3. Acting like an ass when things go wrong
4. Not having a plan or the ability to improvise
5. Elitism
6. Allowing rules-lawyering. At the same time, heavy-handed rulings that detract negatively from source matetrial.
7. Overly-linear or restrictive play, e.g. "railroading".

In order.

ding ding ding

Don't say "no". Say, "Yes, but..."
Which is to say: Don't railroad them, but still give them options. If they want to go west and you were expecting north, let them go west. They will find your "north" idea off in the west, just changed a little. Your mental map is modular, their mental map is fixed only when you tell them about it.

Be open, try not to be "cool" and have tonnes of secrets. Your players don't care, they just want to have fun. Some secrets are necessary but you'll get better at that later.

For you, starting off: Literally just simplify in all repsects. You don't have to roll for everything, just thing that might have a chance at failure. If you are running a d20 system I feel bad for you, but even that can be simplified.
"Omg this monster has an AC of 12, but the other one has an AC of 16, and the locked door has DC of 15"
No. No no no, Screw that, You don't care, you aren't here to do your tax forms. You are just getting started. You are here to have fun. Everything in this room has a AC/DC of 12. That's it. Easy. Boom. SOLVED. Everything can be simplified. Take it easy.

Protips:
-Come up with a few simple characters with motivations and personalities. Your PCs are going to meet people, and you aren't going to know what to say.
-Only ever think about the nest session. Don't build a world: Build a night of gameplay.

>-Only ever think about the nest session. Don't build a world: Build a night of gameplay.
Addendum to this: think A LITTLE about the next session, because if your players get through everything you were planning to do in the first session in 20 minutes, you're going to have a lot of improvising to do. At least thinking about things a bit before they get to that point is good.

Other than magical realm shit

Don't steal their scene with cool NPC ideas
Don't try to railroad them too hard

To this I would say: It's okay to end the session "early". I will literally tell my players "Hey guys, you blew through all my prep notes way faster than I thought. I have nothing prepared beyond this! Let's stop here for tonight and we'll pick it up next week right."
Once you've been playing for several months, then you'll be able to improvise more. Even then it's okay to just be honest with your players if you don't feel comfortable.
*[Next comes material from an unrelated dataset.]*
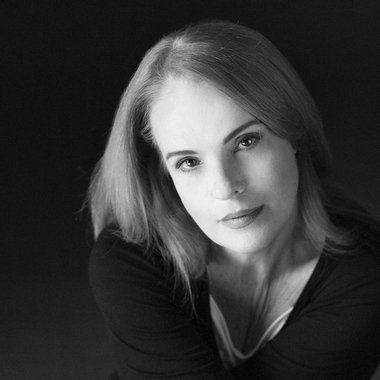 Elena D. - Freelance Content Producer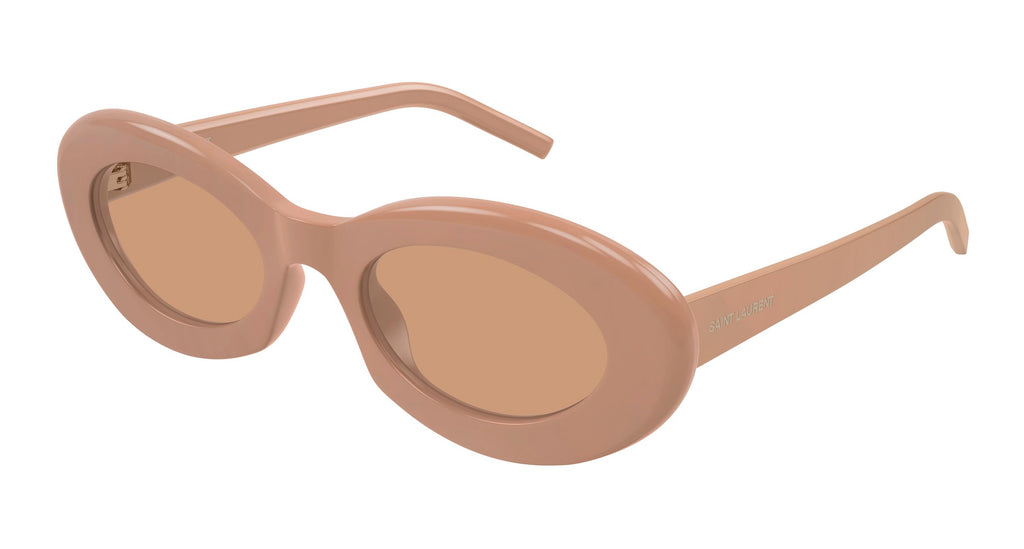 SAINT LAURENT SL 594 010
The entire point of why this bothers me is because it's information my character SHOULDN'T KNOW, or at least be given the chance to roll a knowledge check, if applicable, to see if my character knows it. Information about strange creatures, information about unfamiliar locales, etc, doesn't matter how long my character has lived in the setting, if he/she has never come across anything related to that stuff, then it's not free information that "you automatically know".

Bonus points because the DM threw the party into a setting where we all had amnesia and weren't even from the land we were in.

I mean that's fair, I've just had DMs that automatically jump to do it and don't give the players a chance to do it.